The implant was developed over five years ago in reaction to Plastic Surgeons growing dissatisfaction with injectable fillers, which are costly, painful, and had to be repeated every few months. SurgiSil saw the desire for a safe, permanent, and easily reversible procedure for use in nose, chin, and cheek correction and augmentation.
Perma Facial Implant is made from soft, solid, silicone elastomer. It is used in an injection molding process and produces a naturally contoured implant that creates a smooth and non-porous look. The procedure is a most likely done in 30 minutes under local anesthesia in the surgeon's office.
The FDA 510K clearing allowed Perma Facial Implants to be commercially marketed in the U.S. as of September 2007 and will be marketed in Europe as Perma Lip, used for lip enhancements.

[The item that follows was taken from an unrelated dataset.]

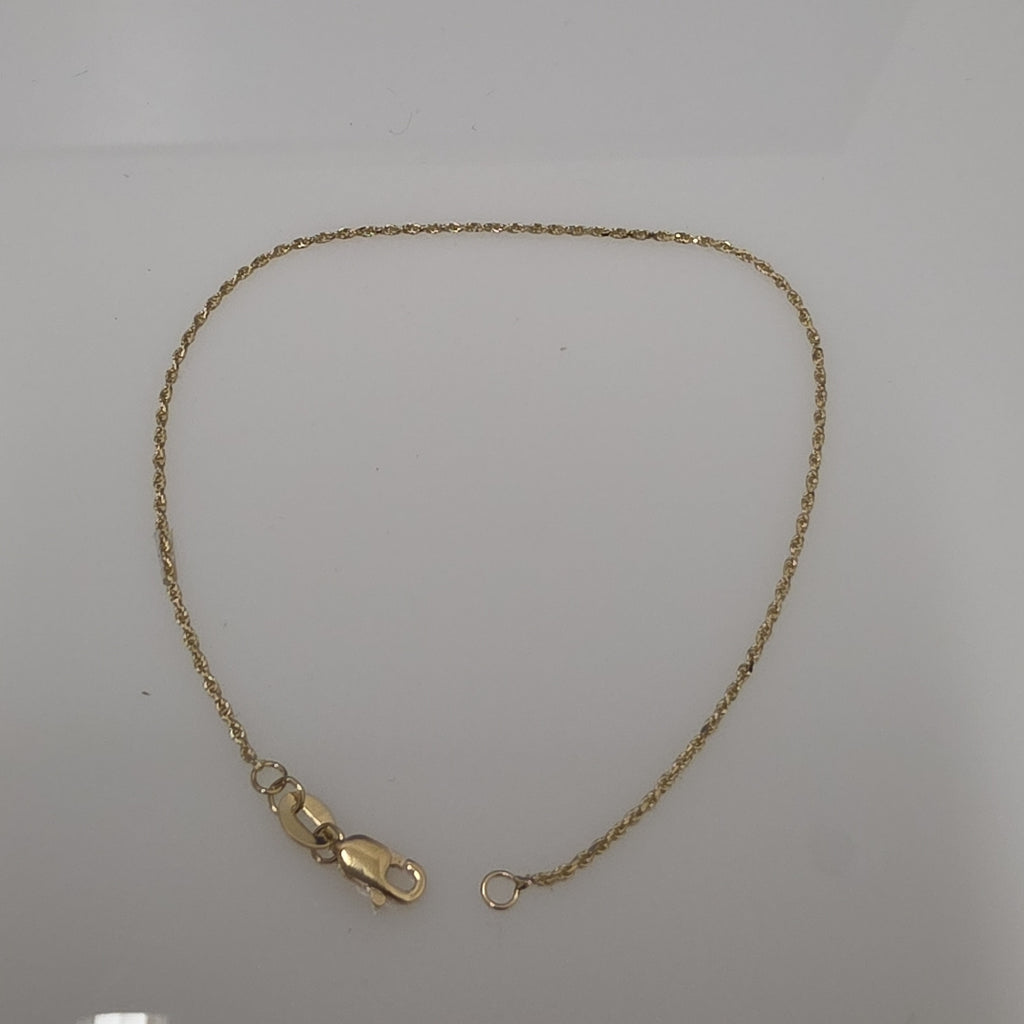 PULSERA TORZAL 14K 21 CM 1.5 GR (NUEVO)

Dr. Barbara Marino, MD, FACOG, one of the first physicians in the Houston Area to offer the procedure, says "I am very excited to offer this new procedure in my office. It gives a very natural look and because of how it works, also reduces the lines around the mouth for a very pretty smile! I've been pleasantly surprised at how beautiful the results are as early as 5 days after placing the implants. It's nice to be able to offer an effective and permanent option for lip enhancement."
Currently the procedure is available in Houston, New York, California, Chicago and several clinics in the Dallas/Fort Worth area with future markets planned soon.